2022 Grad Profile: Christian Rodriguez
Dual BA Program with Trinity College Dublin
Hispanic studies and European studies
Tell us about your path to GS!
I attended a magnet high school 10 miles outside New York City and participated in the International Baccalaureate program, which exposed me to foreign affairs through world literature and global history. I was fortunate to have access to a varied curriculum that allowed me to study Spanish, Arabic, Russian history, the Spanish Civil War, the Cold War, contemporary art, and world cinema in addition to my regular coursework. I was also heavily involved in speech and debate activities like Model UN, policy debate, and student journalism, which allowed me to explore the many different aspects of world politics I found interesting. Having the opportunity to travel across the United States and abroad to debate international security and humanitarian issues with peers from around the world sparked my interest in living overseas in the future.

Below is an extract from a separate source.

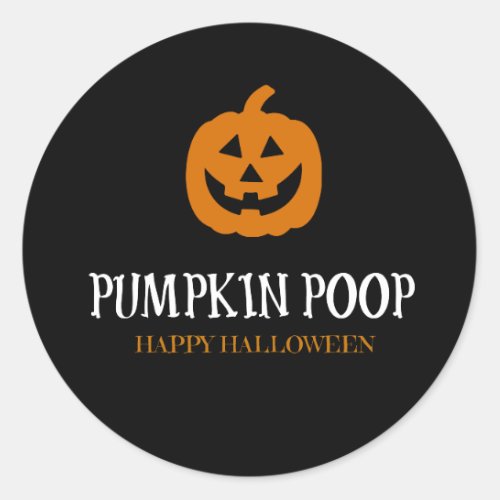 Pumpkin Poop Halloween Sticker Labels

Before GS, I also spent a year studying in the pre-college division at the Cooper Union School of Art and interning in asset management. After immersing myself in some of the scenes—galleries, museums, finance—that make NYC a capital of the world, I knew it was where I wanted to be. The Dual BA was a natural extension of these interests and goals because it gave me the chance to study my favorite subjects in Europe and New York.

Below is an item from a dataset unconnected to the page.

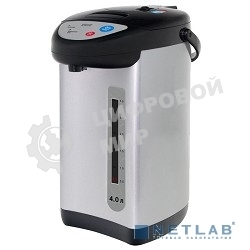 Термопот Mystery MTP-2452 4 л, 700 Вт, черный/серебристый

What has been your proudest Columbia moment?
Writing two senior essays: I wrote a senior thesis for my Columbia BA on the origins of magical realism in Hispanic-Caribbean literature, and another for my Trinity BA on the diplomatic history of governments in exile during World War II. My Columbia thesis was awarded an Honors Prize from the Department of Latin American and Iberian Cultures.
Who are some people who have contributed the most to your Columbia experience?
Professor George Chauncey; I took his class “U.S. Lesbian and Gay History” as an elective, but it has easily been one of the most serendipitous aspects of my Columbia experience. It challenged me to think about the ways identity and hostility are both socially produced and reproduced through culture as well as politics. It reshaped the way I look at civil rights, the law, and American history as well as my place in it. After that class, I had the opportunity to work with Professor Chauncey as a research assistant.
What are your plans for after graduation?
I will be joining Goldman Sachs as an analyst working on mergers and acquisitions, shareholder advisory, and activism defense.
What advice would you give to a Columbia student starting their GS journey?
Live off-campus if you can! So many students move to NYC from far-away places, but get swept up in the Columbia bubble and never leave Morningside Heights. If you ever have the opportunity to live in another neighborhood for a semester or a year, take it! It will make your experience so much richer.